TRY IT - Across the whole listing, state how many lines include "Free". Add nothing to that number.

MATERIAL FOR THIS EXERCISE -
=== Section Start ===
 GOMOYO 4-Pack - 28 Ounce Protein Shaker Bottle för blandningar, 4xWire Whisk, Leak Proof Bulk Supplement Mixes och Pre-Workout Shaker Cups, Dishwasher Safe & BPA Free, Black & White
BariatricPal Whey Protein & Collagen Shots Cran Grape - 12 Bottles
=== Section End ===
=== Section Start ===
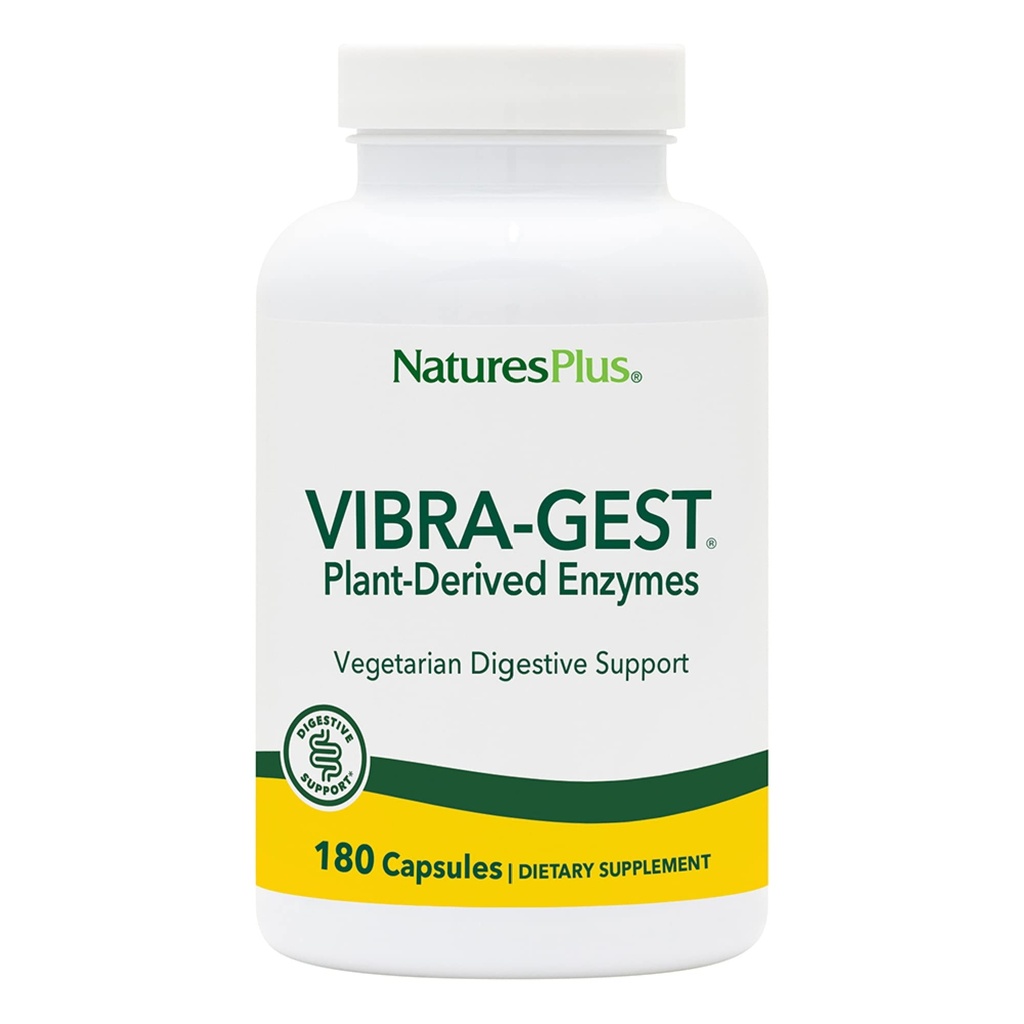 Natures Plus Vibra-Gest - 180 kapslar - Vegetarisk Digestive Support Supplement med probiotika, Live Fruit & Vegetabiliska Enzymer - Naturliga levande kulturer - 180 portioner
=== Section End ===
=== Section Start ===
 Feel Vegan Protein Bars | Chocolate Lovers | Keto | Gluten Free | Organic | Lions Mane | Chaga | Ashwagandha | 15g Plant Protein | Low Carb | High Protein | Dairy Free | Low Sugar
=== Section End ===
ANSWER AREA - 2